自然の場合、二酸化炭素の用途は光合成ですが、 DACの場合、飲み物に炭酸を加えたり、温室で植物の成長を早めたり、より多くの原油を搾り出すために地下の油層に二酸化炭素を注入したりするなどします。
しかし、ノートリーズ工場が2025年に完全稼働すれば、毎年回収する50万トンのCO2の一部は、気候変動との戦いというより壮大な目標のために使われる事になります。
なぜなら、人工的に隔離された二酸化炭素はおそらく無期限に隔離されたままになるからです。
自社の炭素排出量の一部を相殺したい企業は、DACの事業者から排出権を購入する事になります。
これが新しい産業DACを生み出す事に繋がります。
カーボン・エンジニアリングなど世界中の多くの新興企業が民間資本を引き付けています。
オクシデンタル社は、2035年までに100の大規模DAC施設を建設する計画を立てています。
他の企業は、発電所や産業プロセスで生成される二酸化炭素を大気中に入る前に除去しようとしており、これは二酸化炭素回収・貯留(CCS)として知られるアプローチです。
エクソンモービルは4月、新たな低炭素部門の野心的な計画を発表しました。
同部門の長期目標は、排出削減が難しい鉄鋼やセメント部門などの顧客にサービスとして脱炭素化を提供することです。
同社は、この分野が2050年までに世界で年間6兆ドルの売り上げを上げられる可能性があると考えています。
パリ気候協定に従って、世界が地球温暖化を産業革命以前の水準より2℃に抑えようとすれば、再生可能エネルギー、電気自動車、その他の脱炭素化技術は十分ではありません。

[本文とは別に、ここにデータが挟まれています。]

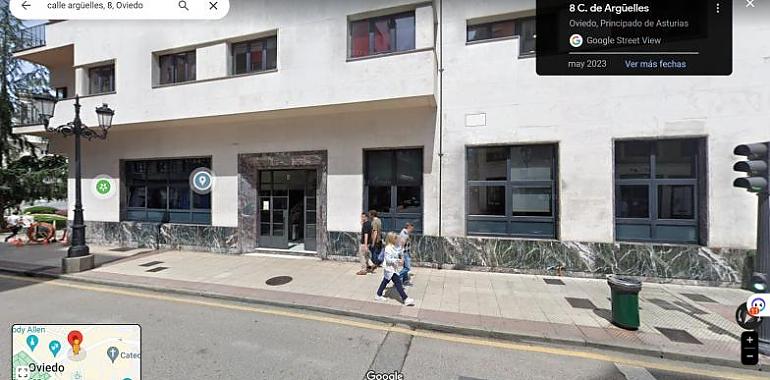 Adscripción de varias plantas de un edificio en Oviedo para ubicar dependencias de gestión del SESPA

CCS や DAC などの「マイナス排出源」が役割を果たす必要があります。
アメリカのエネルギー省は、国の気候変動目標では、2050年までに年間4億トンから18億トンのCO2を回収し、貯蔵する必要があると計算しています。
これは現在の2,000万トンと比較するとかなり大きな数字です。
エネルギーコンサルタント会社ウッド・マッケンジーは、2050年までに温室効果ガス排出実質ゼロを達成するために必要な排出削減量の5分の1は、世界中でさまざまな形態の炭素除去が占めると推定しています。
同社の言うことが正しいとすれば、 これは年間 80 億トン以上の CO2 を吸収することに相当します。
そしてそのためには、莫大な規模の炭素除去事業が必要になります。
何年もの間、そのようなプロジェクトは技術的には可能であると考えられていましたが、非経済的でした。
2011 年にアメリカ物理学会が発表した試算では、DAC のコストは回収された CO2 1 トンあたり 600 ドルとされています。
EUの排出量取引システムでは現在、1トンの排出許可は約100ドルで取引されています。
CCSには常に失望させられ続けました。
電力業界はテクノロジーを実用化するために長年にわたって約100億ドルを費やしてきたが、成果はあまり出ていない、と指摘します。
新たな二酸化炭素除去プロジェクトの支持者らは、今回は違うと考えています。
彼らが楽観的になる理由の 1 つは、より優れた、より安価なテクノロジーです。
ノートリーズ地下に 1 トンの CO2 を隔離するコストは明らかにされていませんが、ジュール誌に掲載された 2018 年の論文では、大規模運用時の DAC システムの価格は 1 トンあたり 94 ドルから 232 ドルの間であるとしています。
これはEU の炭素価格と大きく離れていません。
CCSはDACよりもかなり安価になる可能性があります。
カナダの新興企業である Svante は、産業排ガスから CO2 を 1 トンあたり約 50 ドルで回収しています (ただし、この価格には輸送と保管は含まれていません)。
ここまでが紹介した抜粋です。